Having emerged roughly in the last 30 years, green harvesting as a quality-centric viticulture technique is a relatively recent practise, but remains one which has grown exponentially in popularity. The practise emerged out of little more than anecdotal postulation, with the science remaining unclear at best. It is important at this point to differentiate between fruit thinning as a means of vine health management and as a method of purposefully restricting yield with the aim of improving quality. Fundamentally the assumption is that as a result of increased leaf to fruit ratio (principally the leaf provides sugar to the vine through photosynthesis) when one restricts yield (by reducing the number of bunches on the vine) the rate of sugar accumulation is increased in the fruit that remains.

There are a number of stylistic qualities commonly associated with wines which have undergone a programme of yield restriction in the vineyard. These are higher alcohol levels, darker colour, riper fruit character, less greenness, less acid, altered tannic structure and more concentration. However; is this always the goal and are these qualities defining variables of ‘high quality’ across all varieties and styles?

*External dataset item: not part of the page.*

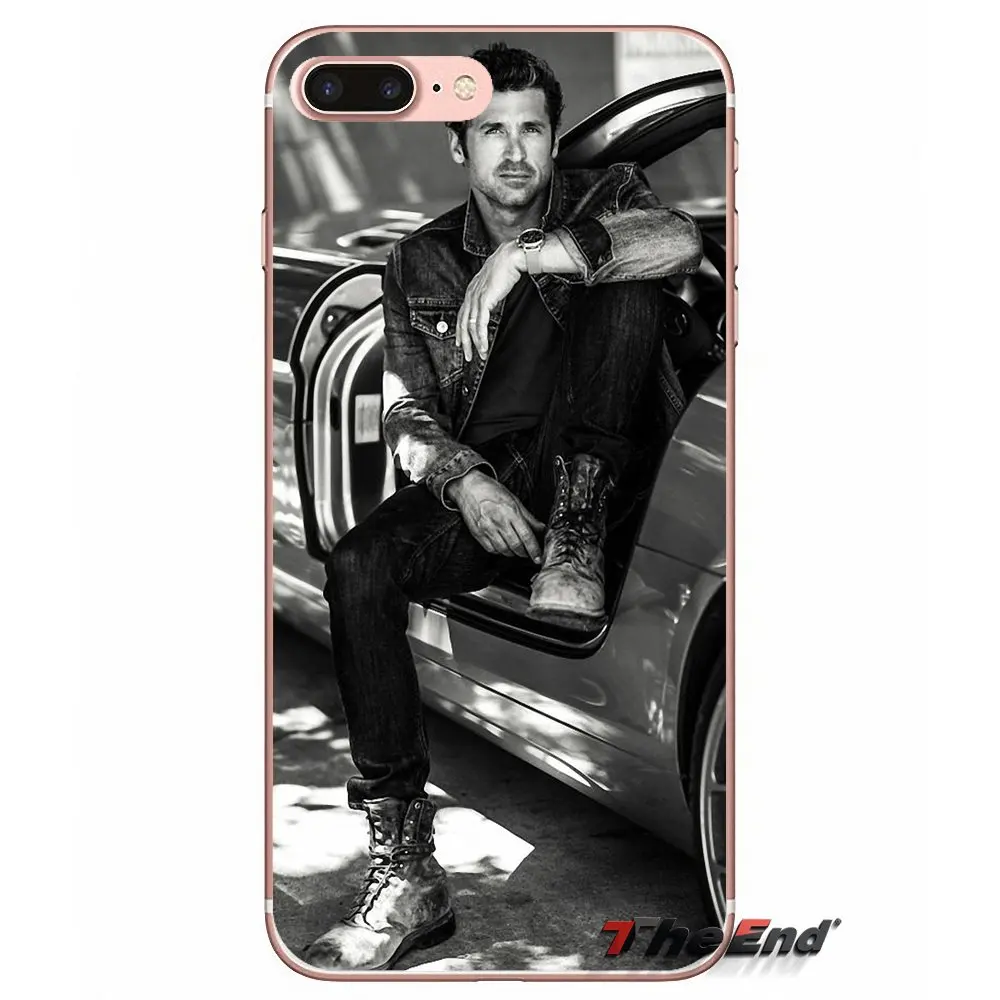 Для Samsung Galaxy S3 S4 S5 MINI S6 S7 edge S8 Plus Note 2 3 4 5 Grand Core Prime серый анатомический черный чехол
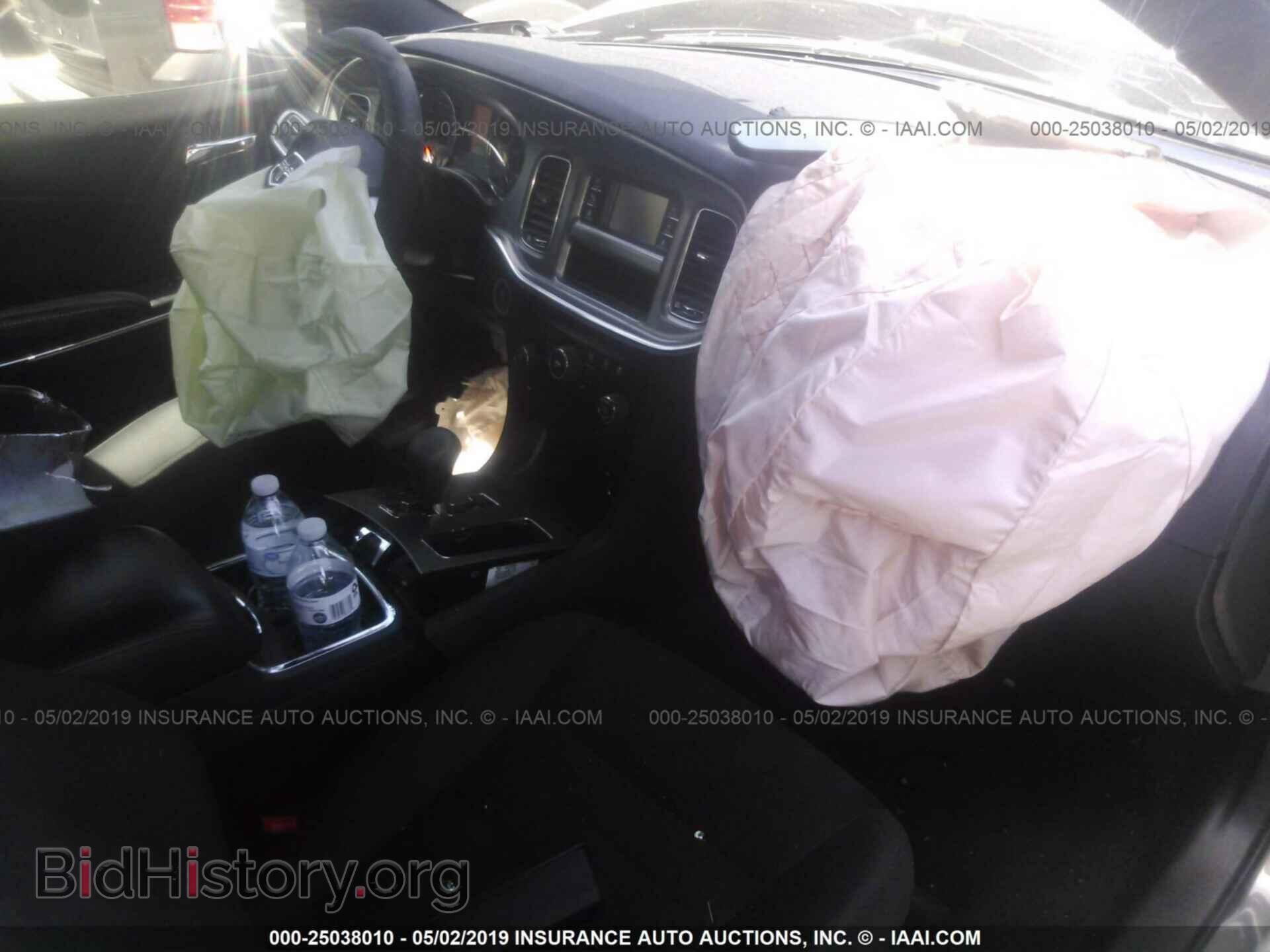 2011 DODGE CHARGER - VIN: 2B3CL3CG1BH587100 - Фото 5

If we consider fruity, high acid wines, like rosés or of varieties such as Sauvignon Blanc, Chardonnay (in this respect as a component of sparkling wines in particular) Riesling or Grüner Veltliner etc. are we particularly looking for less acid? darker colours? higher alcohol and increased phenolic development? White grapes are fundamentally very different to red grapes, in their case a larger yield has the ability to slow ripening, thus allowing more time for green characters to dissipate and for ripe characters to develop. Additionally, in the case of warm regions positioned at the extremities of wine production, it is important that the vine has a large enough crop to sufficiently distribute the inherently larger accumulation of sugar.

In addition to the above, vine age is a further variable which one would need to consider when determining whether or not to restrict yield. A young, vigorous vine which is not yet well established to its terroir may require yield restriction whereas a 20 year old vine, already well-adapted and self-regulating may not, assuming the answer to this question were yes we would restrict both yields, potentially unnecessarily as one may achieve balance naturally whilst one might not. Considering the question within this context it seems more suitable to suggest that opposed to being presented as a universal determinant of producing ‘high-quality wine’ yield restriction be seen as a tool which can be employed dependant upon the variety, age and desired stylistic charecteristic of the wine.

The second point of contention; can a wine be considered ‘high quality’ if it has not undergone yield restriction? Having previously noted that the use of green harvest (with the intention of restricting yield) is a fairly recent phenomenon, it defies logic to suggest that wines which have not undergone this process can not be considered high quality, especially considering the esteem in which many wines predating the popularity of the process are held. Taking in to account specific producers there is a wealth of evidence available to suggest that high-quality wines are indeed produced without yield restriction. By any metric, Nyetimber is one of Englands best sparkling wine producers. Brad Greatrix, winemaker at Nyetimber, states that it is his personal experience that the quality of their wines actually increases proportionally to yield, and as a result green harvest is not typical at Nyetimber.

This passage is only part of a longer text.